UPDATE: I noticed that the CPU implementation offers optional parameter useProvidedKeypoints=false -- so I modified my code to ignore the ORB_GPU descriptors and let ORB(CPU) compute descriptors for the GPU-generated keypoints, and results are much better (29 matches, by eyeball maybe 15 of them look correct, but according to RANSAC only 8 are correct). So it seems the difference is in the GPU descriptor computation. Also maybe a little bit the GPU keypoint generation is maybe a little less accurate, causing RANSAC to throw out more of them?

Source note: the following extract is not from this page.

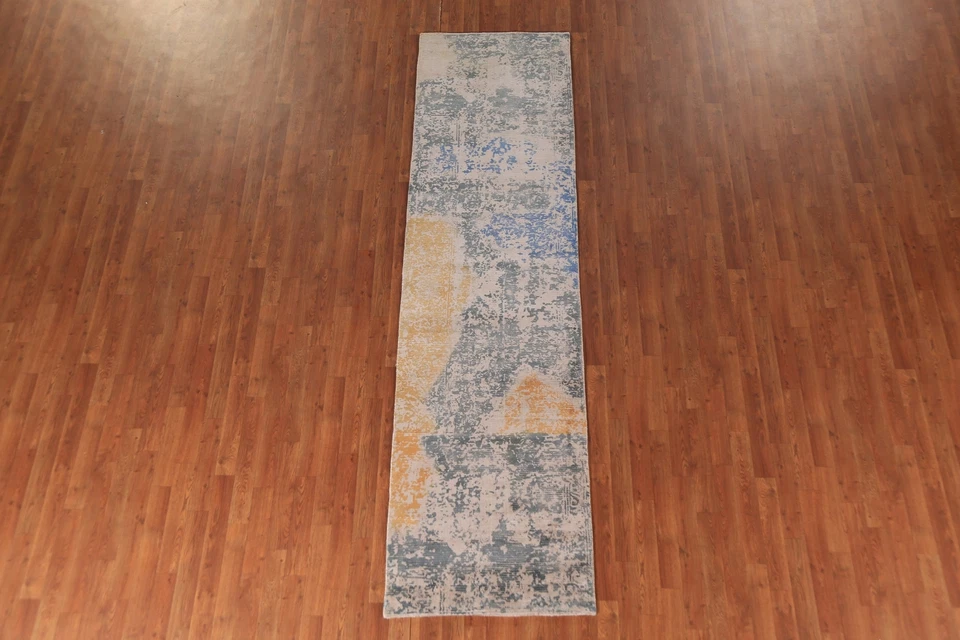 Modern Abstract One-of-a-kind Wool Runner Rug for Hallway 3x10 ft - Image 3 of 4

UPDATE2: I updated my code to hold onto BOTH the GPU- and CPU-computed descriptors, and run through and compare them. I am find that, for the same keypoints, the CPU-/GPU-computed 32x8bit descriptors are min/avg/max 23/59.6/115 bits different. That seems like an awful big difference for 256-bit vectors. Could I be misparameterizing somehow ORB_GPU? As far as I can see, the default parameterizations of ORB and ORB_GPU are the same, all I am setting is desired num kp to 1000 for both.

I see there are performance tests that exercise ORB and ORB_GPU on the same pixel data, but the results are discarded. Wouldn't it be a good idea to have a unit test in there as well that verified that ORB/ORB_GPU generate sufficiently similar keypoints, and compute sufficiently close decriptor vectors for the same keypoints?